In ogni modo, la vicenda della realizzazione di A sangue freddo scatenò un lungo dibattito di carattere etico, nel quale non mancò chi stigmatizzasse il presunto voyerismo dello scrittore e il suo coinvolgimento (soprattutto epistolare) nella vicenda umana dei due condannati. Tanto più che la pubblicazione del libro tratto dalla vicenda si accompagnò al gigantesco party del 28 novembre, al Plaza Hotel di New York, il Black and White Ball, dedicato a Katherine Graham, editrice del Washington Post, con 500 invitati del bel mondo la cui lista, compilata dall'organizzatore con una devozione pari almeno a quella dedicata alle opere letterarie (e che comprendeva anche Plimpton, oltre a Frank Sinatra, Mia Farrow, Greta Garbo, la principessa Lee Radizwell, Norman Mailer, Lauren Bacall e moltissimi altri/e), venne pubblicata sul New York Times. "Il ballo fu uno dei suoi capolavori – riferisce Leo Lerman, suo amico e giornalista di Vogue e Vanity Fair – Un’opera equivalente ai suoi racconti più belli".
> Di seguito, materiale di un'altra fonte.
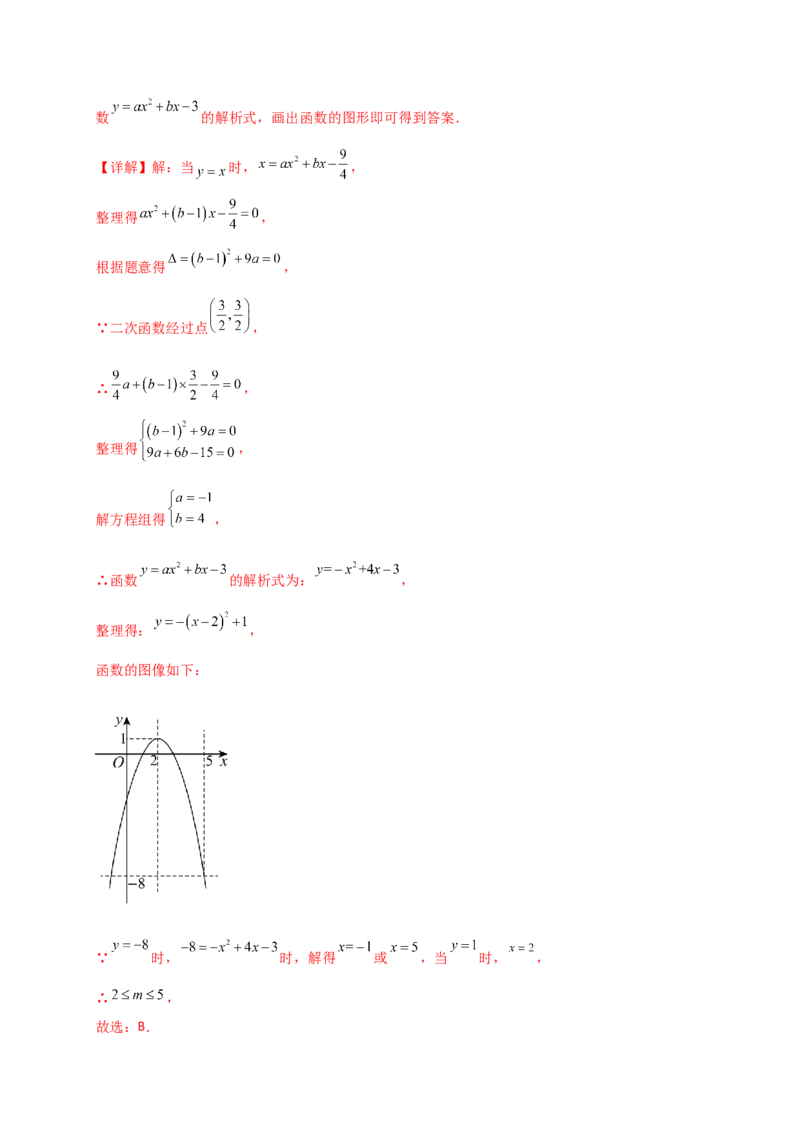 专题22.10二次函数y=ax&sup2;+bx+c(a&ne;0)的图象与性质（专项练习）（培优练）-（人教版）_人教版数学九年级上册_版本二_九年级数学上册（人教版）_专题突破练习-V4_2025版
Sarà. Ma oltre ad avere pestato i piedi alle celebrità rimaste fuori dall'elenco, Capote si attirò anche nuove critiche: Pete Hamill, secondo alcuni l'inventore del termine new journalism (che accomuna anche Capote e Plimpton) rimase così scandalizzato dall’evento che scrisse un articolo di fondo sul New York Post in cui la cronaca del party si alternava all’elenco dei soldati morti in Vietnam. E nel 1972, quando lo scrittore seguì un tour dei Rolling Stones negli USA, Mick Jagger ebbe parole sprezzanti nei suoi confronti.
Truman Capote continuò comunque a navigare nella corrente della mondanità, per tutti gli anni '70 e i primi anni '80, animando la vita notturna newyorchese, che ruotava attorno a club come lo Studio 54, fino alla sua morte, non a New York ma a Los Angeles. Di quando in quando la sua penna continuava a graffiare, ma meno che in passato. Sopravvennero i problemi personali, l'abuso di alcol e droghe, l'epilessia. L'abbandono degli amici che in precedenza lo avevano corteggiato.
Andy Warhol non andò al suo funerale. Ma, si sa, Warhol non andava mai ai funerali. Preferiva pensare che gli amici scomparsi fossero partiti per una memorabile shopping-session da Bloomingdales.
George Plimpton, Truman Capote, Garzanti, 2014 (trad. Alba Bariffi).
Edizione originale: Truman Capote: In which Various Friends, Enemies, Acquaintances and Detractors Recall His Turbulent Career, Picador, 1998.